United States v. Jamar Preacely Decided December 21, 2010

Court of Appeals Second Circuit

Background: Defendant pleaded guilty in the United States District Court for the Eastern District of New York, Thomas C. Platt, Jr., J., to distribution and possession with intent to distribute five grams or more of cocaine base. Defendant appealed sentence.

Holding: The Court of Appeals, J. Clifford Wallace, Circuit Judge, held that ambiguity as to whether district court comprehended its authority to depart from Career Offender Guideline warranted remand.

Gerard E. Lynch, Circuit Judge, filed concurring opinion.

Reena Raggi, Circuit Judge, filed dissenting opinion.

Pursuant to a cooperation agreement, Preacely pled guilty to distribution and possession with intent to distribute five grams or more of cocaine base in violation of 21 U.S.C. § 841(b)(1)(B)(iii), a crime which carries a mandatory minimum sentence of five years.
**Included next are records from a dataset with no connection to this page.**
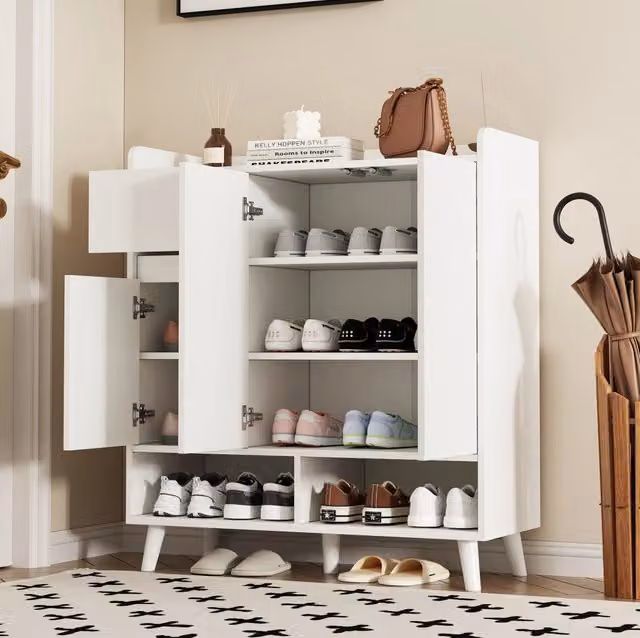 Mobile contenitore moderno bianco con ripiani interni e ante a battente per soggiorno o ingresso L/P/H: 99 x 35 x 35 cm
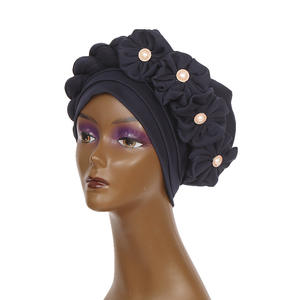 Q30687 fausse perle et nœud décor tête enveloppement musulman espace couche chapeau africain nigérian Turban Gele <span class=keywords><strong>tresse</strong></span> Turbans casquettes - Product Image 3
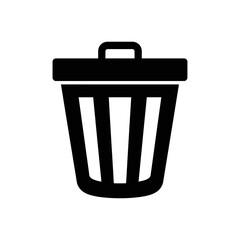 Trash can icon isolated on white background, garbage bin, waste management, recycling concept
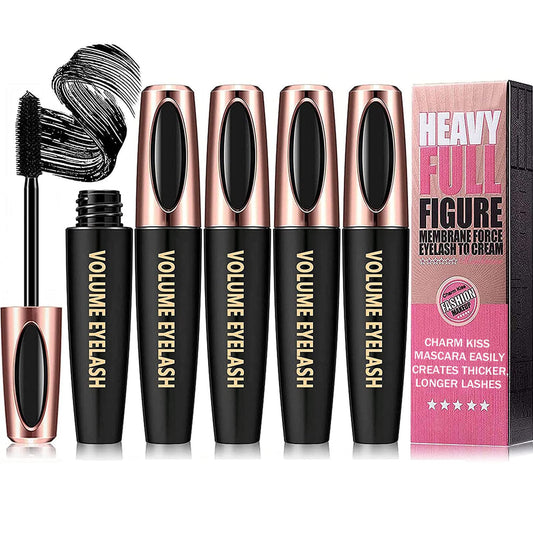 Charm Kiss front packaging showing four mascara tubes and bold black finish benefit of value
However, federal law provides that, upon motion by the government, a court may impose a sentence below the statutory minimum “to reflect a defendant’s substantial assistance” in investigating or prosecuting other criminals. 18 U.S.C. § 3553(e); see also U.S.S.G. § 5K1.1 (permitting court to depart from Sentencing Guidelines upon motion of the government stating that the defendant has provided substantial assistance in the investigation or prosecution of another criminal).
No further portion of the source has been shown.